E il Tenda bis? Quanto alla Asti-Cuneo, ormai figura tra le barzellette. Infine, come osservammo un anno addietro, le banche fondate nella Granda tra metà Ottocento e inizio Novecento ora sono 'locali' solo di nome. Il 2016 chiuderà questo cerchio. Ma - dicono alcune statistiche - nella Granda si sta meglio che altrove.
In realtà vi è in corso un processo regressivo, le cui conseguenze si vedranno nel tempo, quando forse saranno irreversibili. Due sono le sue cause principali, frutto di decisioni superiori (torinesi e romane), subite in loco con supina rassegnazione. In primo luogo va indicata l'abolizione dell'elezione diretta del consiglio provinciale e del presidente della Provincia. Ne è nata una divaricazione tra cittadini e istituzioni che non sarà mai colmata dall'efflorescenza di associazioni né dal volontariato, più o meno fittizio. L'abolizione dell'elettività alle cariche rappresentative costituisce un impoverimento netto della democrazia, come accadrà per il Senato e con una Camera dei deputati formata su designazione anziché per libera scelta dei cittadini.

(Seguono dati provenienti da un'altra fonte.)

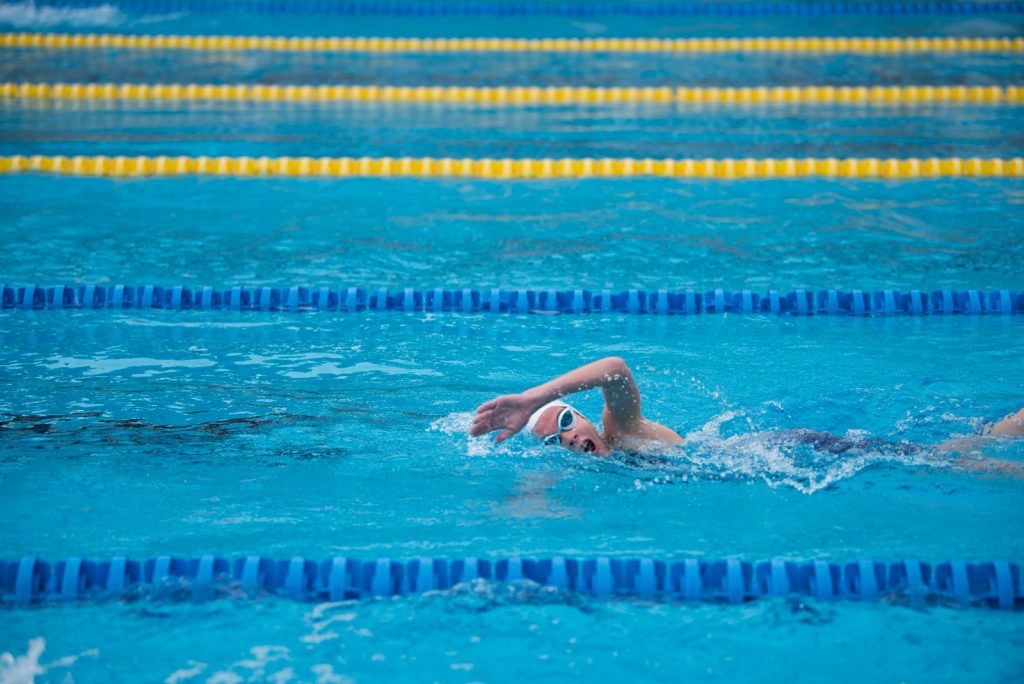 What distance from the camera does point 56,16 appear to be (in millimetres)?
12234

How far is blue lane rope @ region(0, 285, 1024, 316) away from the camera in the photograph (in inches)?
227

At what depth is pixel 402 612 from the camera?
3318 mm

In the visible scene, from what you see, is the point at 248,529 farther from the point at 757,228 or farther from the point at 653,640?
the point at 757,228

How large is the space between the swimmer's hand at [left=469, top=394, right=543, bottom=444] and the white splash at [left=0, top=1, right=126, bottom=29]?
9.87 m

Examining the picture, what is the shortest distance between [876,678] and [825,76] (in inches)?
313

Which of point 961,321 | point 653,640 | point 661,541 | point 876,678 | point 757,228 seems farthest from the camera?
point 757,228

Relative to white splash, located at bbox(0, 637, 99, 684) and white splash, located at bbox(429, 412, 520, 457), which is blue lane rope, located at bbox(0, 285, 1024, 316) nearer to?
white splash, located at bbox(429, 412, 520, 457)

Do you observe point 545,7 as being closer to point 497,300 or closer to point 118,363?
point 497,300

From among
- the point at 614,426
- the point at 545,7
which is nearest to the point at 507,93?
the point at 545,7

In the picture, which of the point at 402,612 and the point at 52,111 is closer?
the point at 402,612

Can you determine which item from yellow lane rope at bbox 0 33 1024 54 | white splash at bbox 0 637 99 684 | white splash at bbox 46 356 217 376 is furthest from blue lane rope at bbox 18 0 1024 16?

Poiché stavano elaborando una seria alternativa alla colpevole indifferenza del governo centrale nei confronti della realtà locale, anziché venir rese più rappresentative e determinanti (come occorreva), le Comunità Montane sono state drasticamente liquidate, creando così il vuoto che le Unioni dei Comuni (spesso raffazzonate) non suppliscono affatto, come si vede dal rinvio a fine 2016 dell'unica misura davvero urgente: l'obbligo del consorzio dei servizi fondamentali per i Comuni con meno di 3000 abitanti (la maggior parte di quelli cuneesi e torinesi). L'impoverimento della democrazia così si somma al municipalismo più gretto ed emerge la realtà dei fatti: tante riforme quotidianamente decantate sono solo nominali, specchietti per le allodole. Si sostanziano nella sempre più abissale separazione tra istituzioni (occupate da clans autoreferenziali) e cittadini.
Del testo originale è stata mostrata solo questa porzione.